------ Dataset content

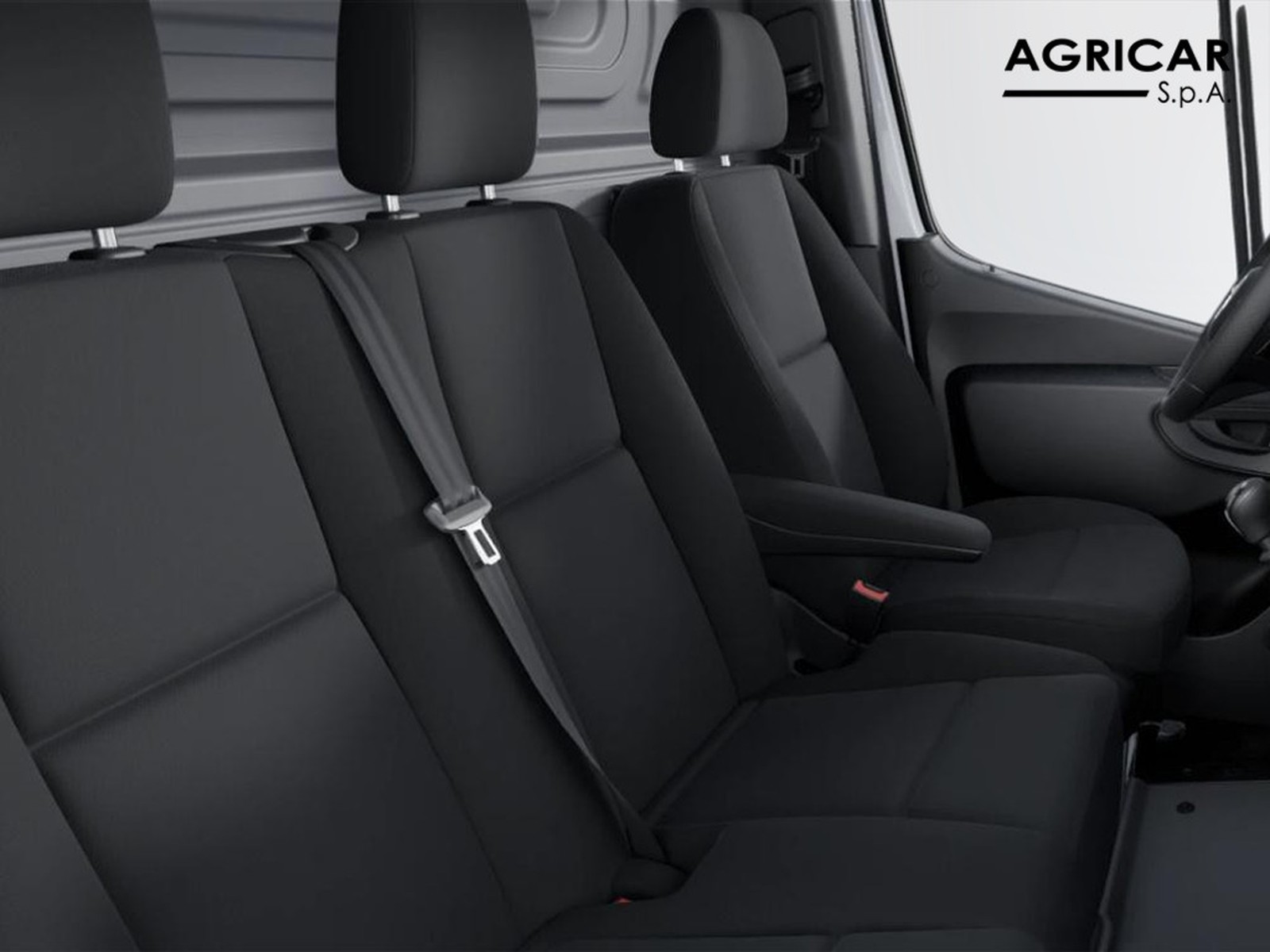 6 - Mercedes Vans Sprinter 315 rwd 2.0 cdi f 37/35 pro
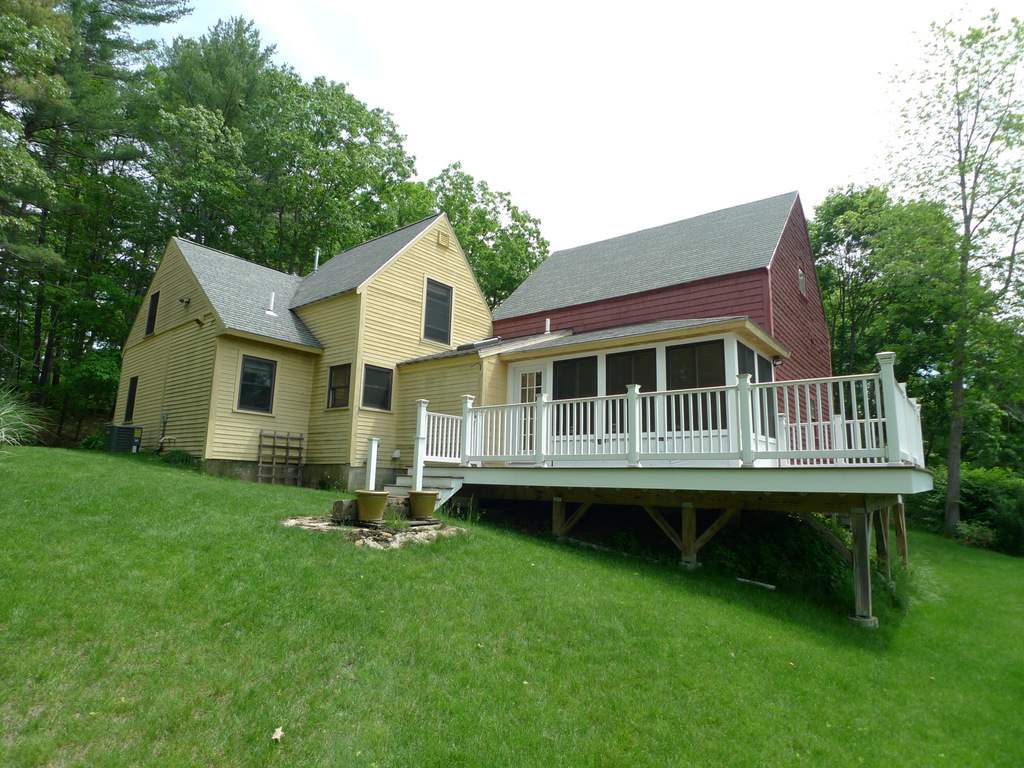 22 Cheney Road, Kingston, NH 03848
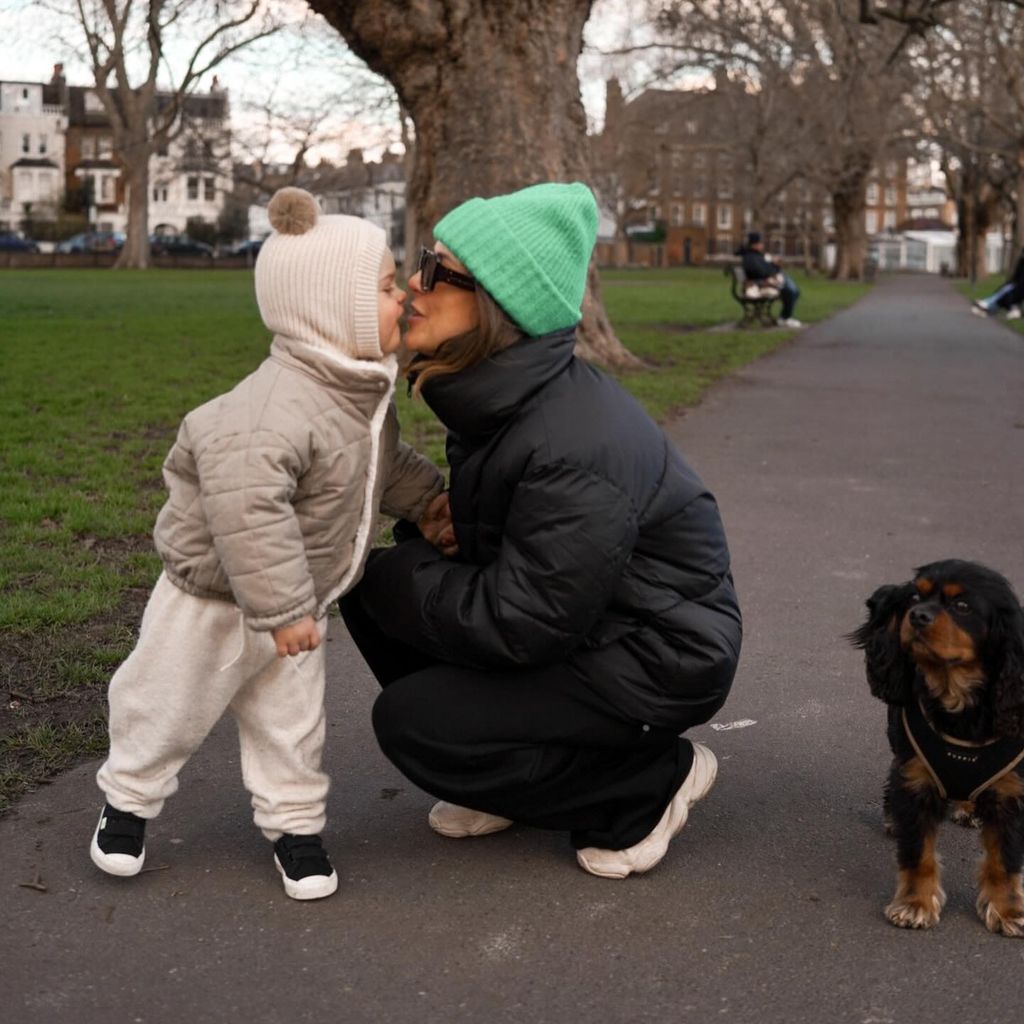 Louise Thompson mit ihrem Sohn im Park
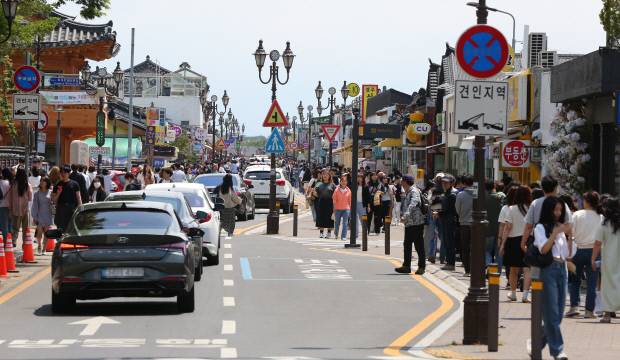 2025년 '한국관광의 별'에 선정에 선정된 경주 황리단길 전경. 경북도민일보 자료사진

------------

**Assignment**
Everything in the preceding material must be transcribed exactly, except the images.

**Response to the exercise**
 6 - Mercedes Vans Sprinter 315 rwd 2.0 cdi f 37/35 pro
 22 Cheney Road, Kingston, NH 03848
 Louise Thompson mit ihrem Sohn im Park
 2025년 '한국관광의 별'에 선정에 선정된 경주 황리단길 전경. 경북도민일보 자료사진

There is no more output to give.